Authors
Published
31 Jul 2025Form Number
LP2268PDF size
10 pages, 223 KBAbstract
Scikit-learn is an open-source Python library that bundles a broad suite of supervised- and unsupervised-learning algorithms—along with preprocessing, model-selection, and evaluation utilities—so practitioners can build and validate machine-learning pipelines with just a few lines of code.
Standard scikit-learn executes many algorithms in a single thread, which leaves modern multi-core Intel Xeon processors under-utilized during model training. Intel Extension for Scikit-learn (sklearn-intelex) transparently patches scikit-learn to invoke highly-optimized oneAPI Data Analytics Library (oneDAL) primitives, delivering significant wall-clock speed-ups with near-identical model accuracy.
In this paper we benchmark common supervised and unsupervised learning tasks—classification, regression, clustering—comparing training and inference wall-clock time and predictive accuracy between vanilla scikit-learn and scikit-learn-intelex on a Lenovo ThinkSystem SR650 V4 server.

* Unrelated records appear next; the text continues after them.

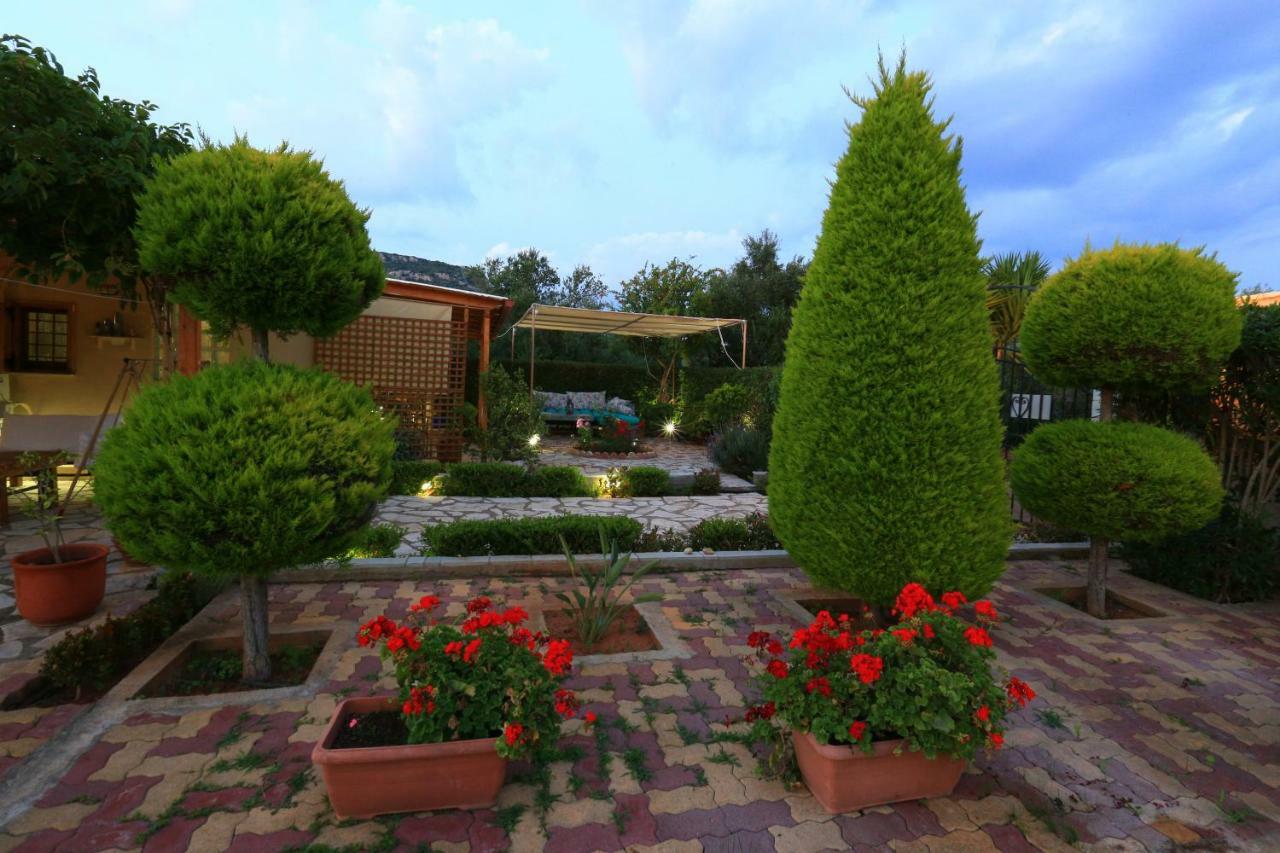 Olives House Villa Vromonérion Exteriör bild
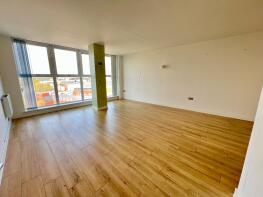 92, Canside, Meadow Walk, Chelmsford CM1 1FU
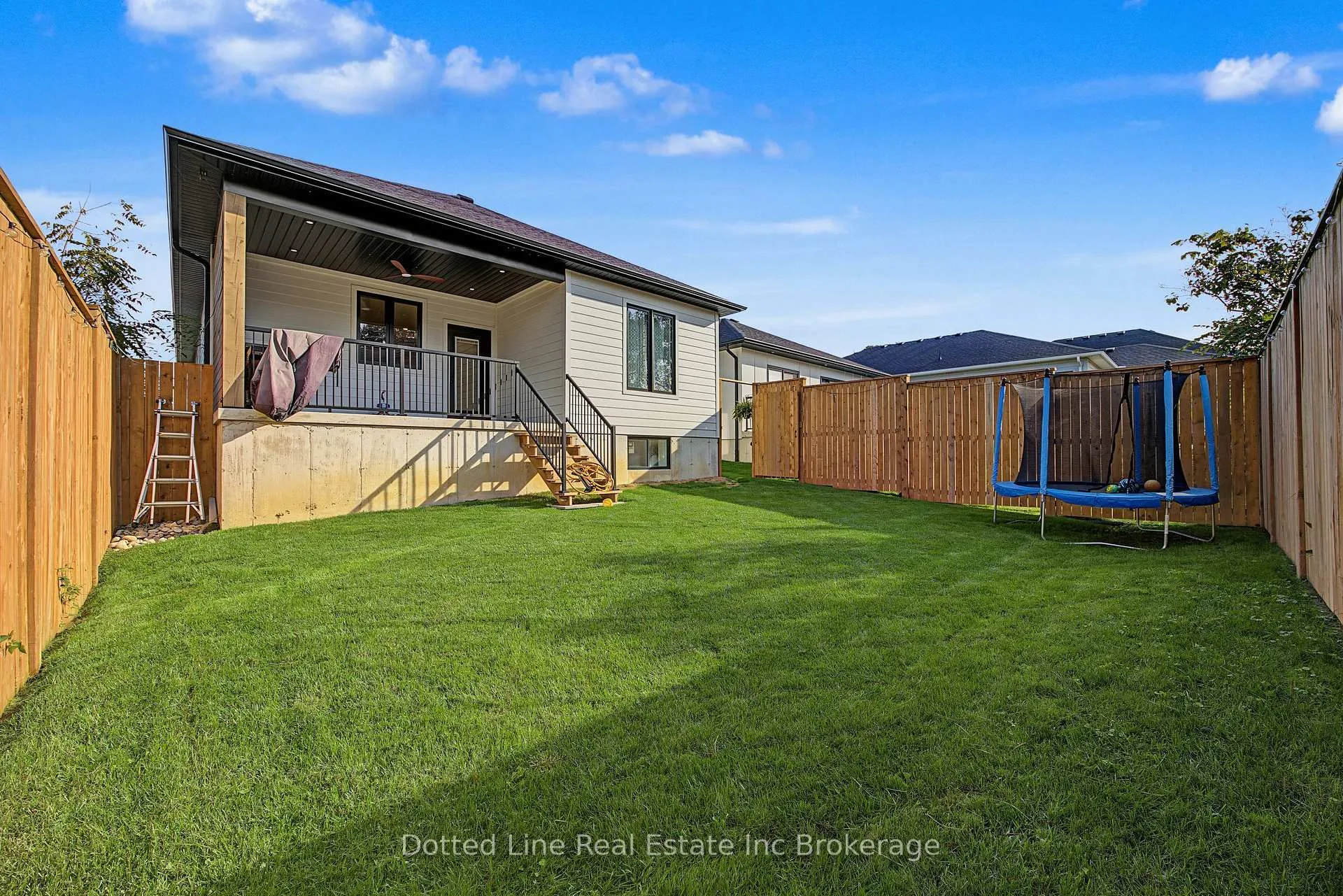 Photo 28 of 4 Charles Court, Bayham, Port Burwell — HOMEH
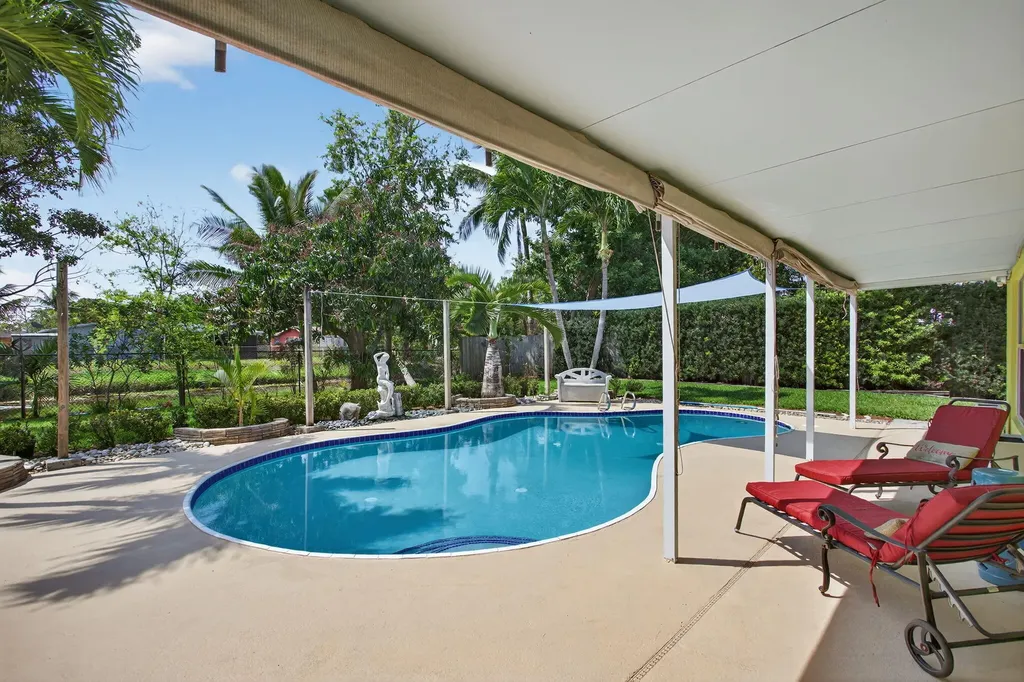 6720 SW 7th Street Margate FL 33068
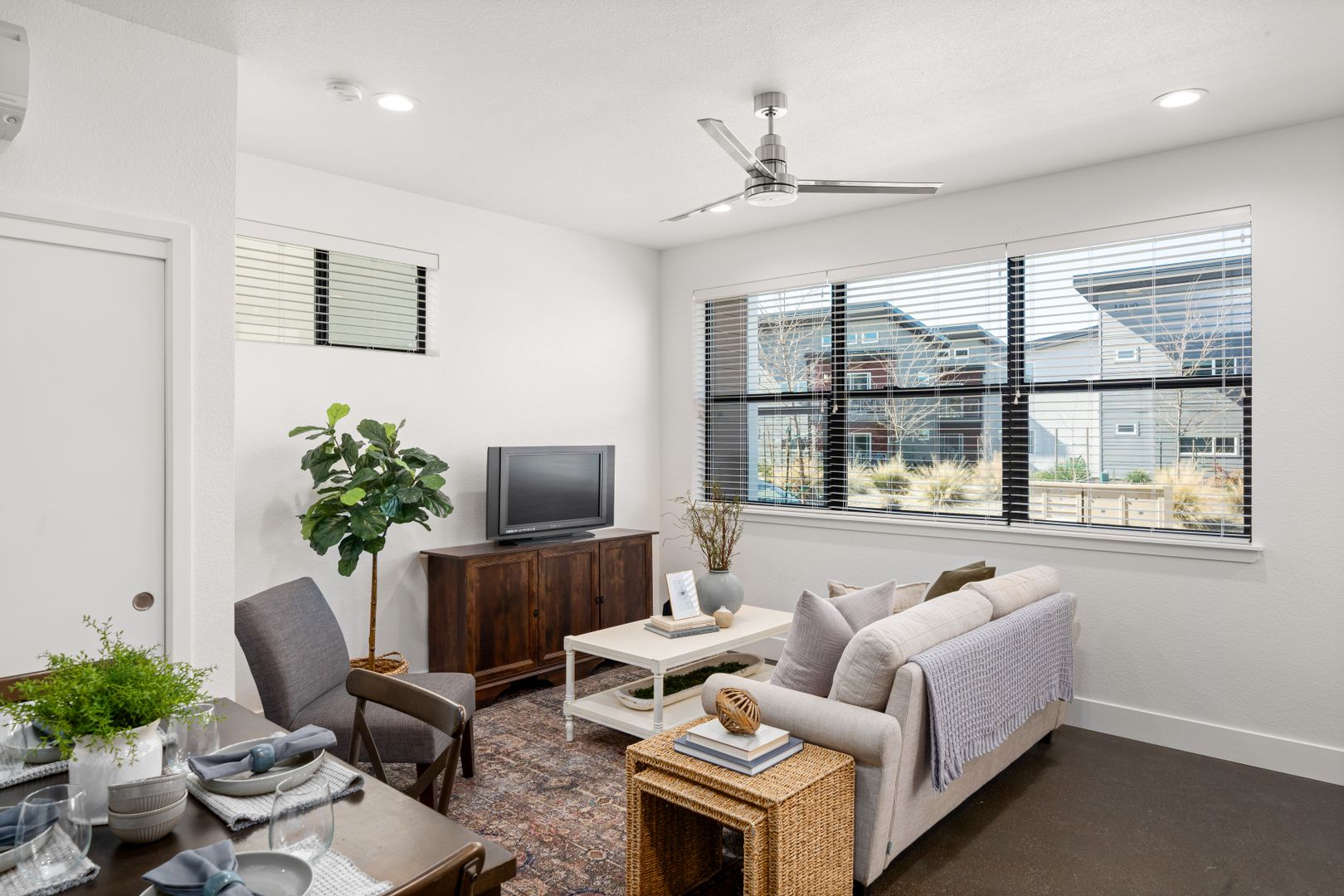 Chico Apartment: 1873 Notre Dame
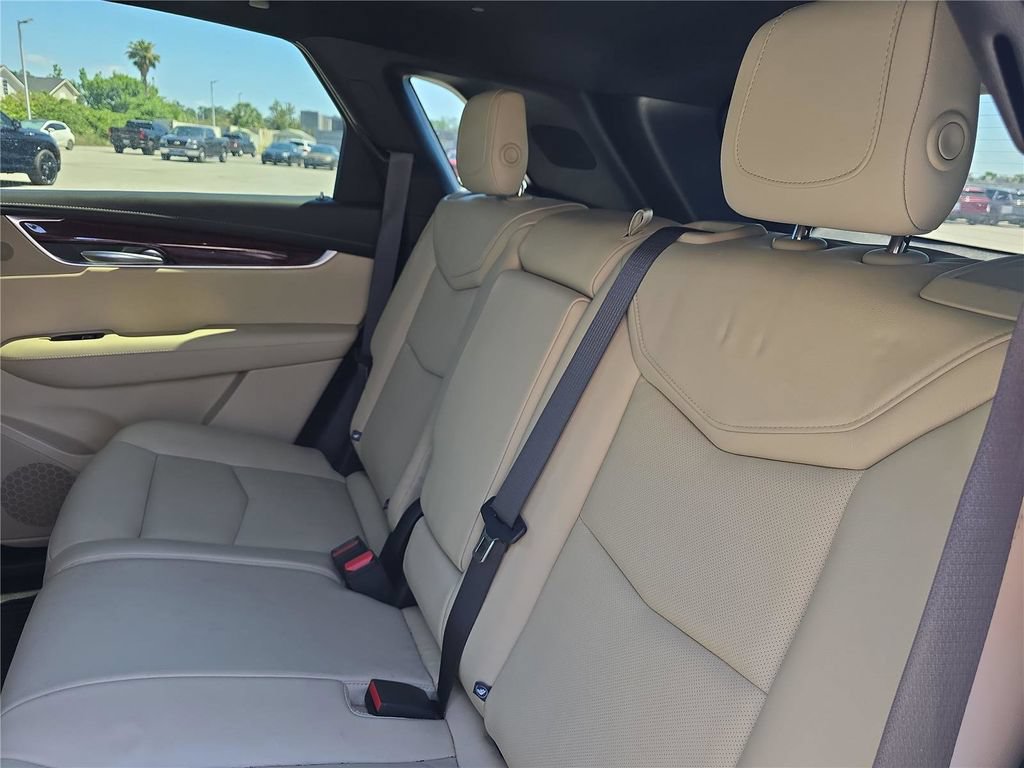 Used 2018 Cadillac XT5 Premium Luxury w/ Driver Assist Package FWD image 11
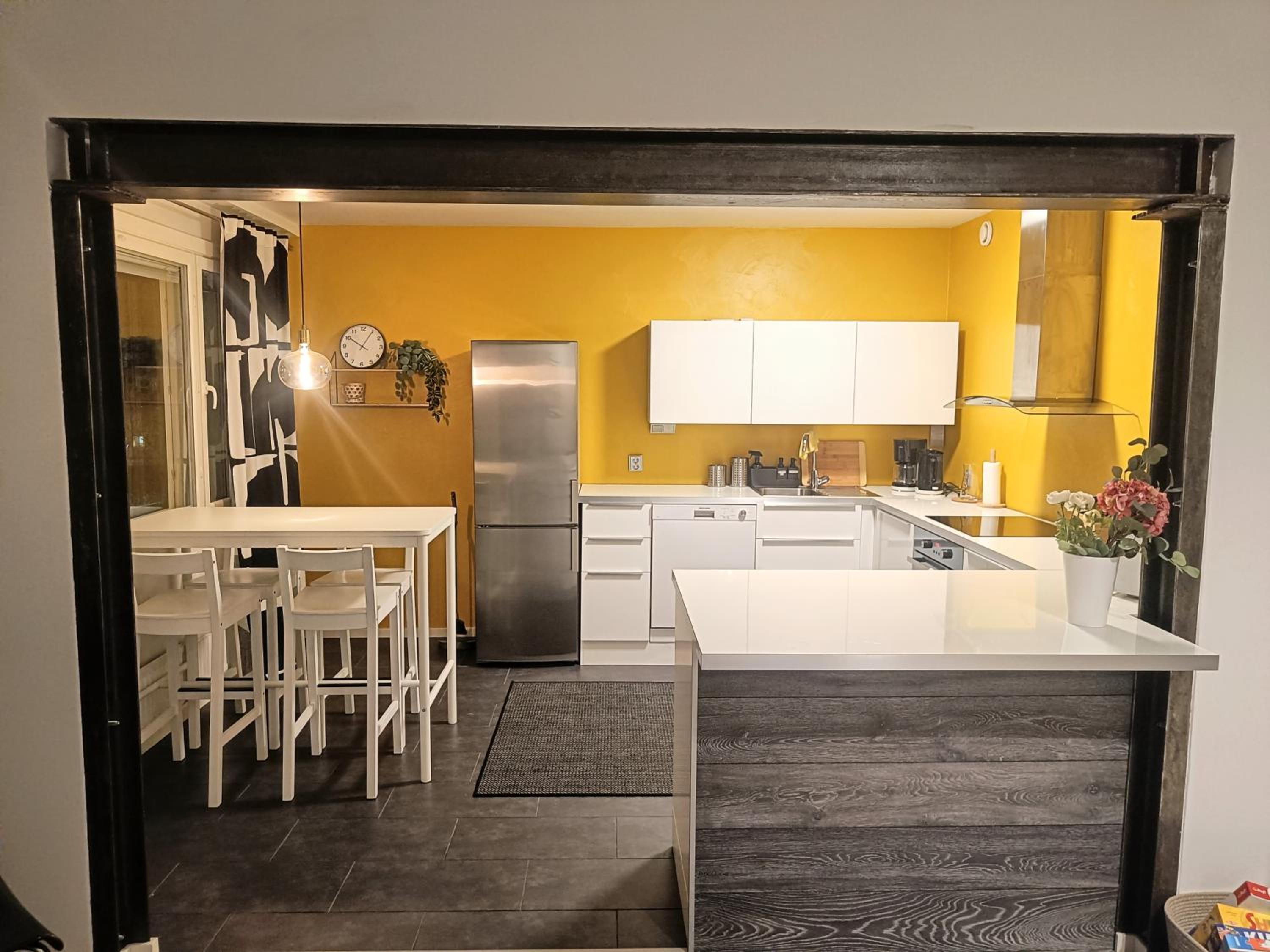 Big 88m2 apartment in the center view 3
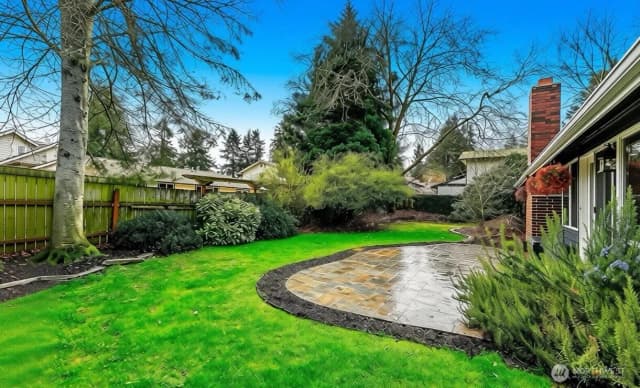 Property photo for 14203 Ne 63rd Ct, Redmond photo 2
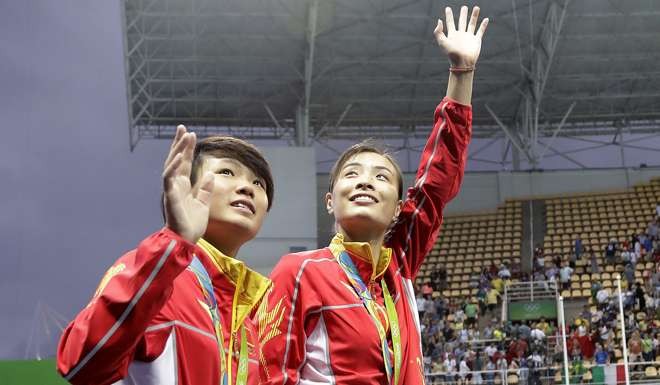 Shi Tingmao (Left) and Wu Minxia. Photo: AP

Results show:
- Up to 15× faster training for ensemble methods (e.g., Random Forest, Gradient Boosting)
- Up to 87× faster K-Means clustering
- 10–35× faster linear/GLM models
While keeping accuracy within ±0.2 percentage points of the baseline. (Each factor is the ratio of vanilla scikit-learn training time to intel-patched training time on the same workload.)
This paper is for data scientists, ML engineers, and performance-minded architects who already understand core scikit-learn APIs (fit/predict, pipelines) and basic ML concepts (train-test split, common metrics). We assume readers are comfortable with Python and seek practical guidance on extracting more performance from Intel Xeon-based infrastructure without rewriting their code.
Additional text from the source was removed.